新规出台后,许多家长表示支持,还有家长仍在观望,也有部分家长开始新的焦虑。据媒体针对中小学生家长发起的专项调查显示,98%的受访家长都或多或少地给孩子报了课外培训机构,其中83.82%的家长选择了学科类培训。整体花费集中在每年2万元到5万元之间。

什么时候起,校外培训成了“刚需”?

有评论称,“双减”政策是针对义务教育阶段积弊甚深的问题作的一次系统性纠偏,这背后的真正逻辑是什么?

2021年6月25日,北京市白云路的一所小学。图|视觉中国

国家和政府一直很重视学生负担问题。最早从1955年开始,我国针对中小学“减负”就颁布了20多道政策。上个世纪末到本世纪初,各个地方政府针对校外学习和各种补习班、奥林匹克班也采取了诸多治理整顿措施,希望落实解决学生学习负担过重等问题。

2018年是近年来国家出台关于中小学减负政策最密集的一年。当年2月,教育部等四部委联合印发了《关于切实减轻中小学生课外负担开展校外培训机构专项治理行动的通知》,这是我国“减负”史上第一个多部门联动的专项治理校外培训机构的文件。

今年7月,由中办和国办联合就“双减”问题发布文件,第一次在国家最高层面上把学生的“减负”工作纳入到政府正式议程,可见此问题的重要性和国家对此的重视程度。
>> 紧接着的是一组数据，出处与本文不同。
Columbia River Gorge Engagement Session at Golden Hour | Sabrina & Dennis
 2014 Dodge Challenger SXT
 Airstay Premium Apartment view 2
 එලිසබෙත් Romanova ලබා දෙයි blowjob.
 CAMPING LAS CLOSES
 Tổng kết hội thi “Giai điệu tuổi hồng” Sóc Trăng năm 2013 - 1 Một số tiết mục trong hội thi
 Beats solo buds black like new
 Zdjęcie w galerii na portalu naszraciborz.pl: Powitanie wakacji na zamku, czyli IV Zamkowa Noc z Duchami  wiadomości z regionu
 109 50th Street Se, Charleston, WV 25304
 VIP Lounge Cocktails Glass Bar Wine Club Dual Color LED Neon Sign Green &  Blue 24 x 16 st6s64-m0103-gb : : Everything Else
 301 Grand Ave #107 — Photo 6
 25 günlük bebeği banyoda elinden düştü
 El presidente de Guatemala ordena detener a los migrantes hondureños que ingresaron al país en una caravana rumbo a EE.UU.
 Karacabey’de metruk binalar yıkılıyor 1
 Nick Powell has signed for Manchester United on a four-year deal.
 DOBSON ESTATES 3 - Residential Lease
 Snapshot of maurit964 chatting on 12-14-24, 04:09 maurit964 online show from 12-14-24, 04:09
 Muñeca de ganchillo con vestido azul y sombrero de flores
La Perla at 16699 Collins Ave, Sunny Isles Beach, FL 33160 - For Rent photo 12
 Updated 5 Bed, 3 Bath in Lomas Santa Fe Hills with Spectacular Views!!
这次的“双减”不仅对学生校内和校外的课业提出了减负的要求,更对校外学科培训类机构上市融资和资本运作提出了明确的限制,还对如何提升校内教育质量提出了新要求,这种治理的力度不可谓不是空前的。各地在中央文件的要求下,也在开始加紧落实本地的“双减”政策,政策效应初步显现。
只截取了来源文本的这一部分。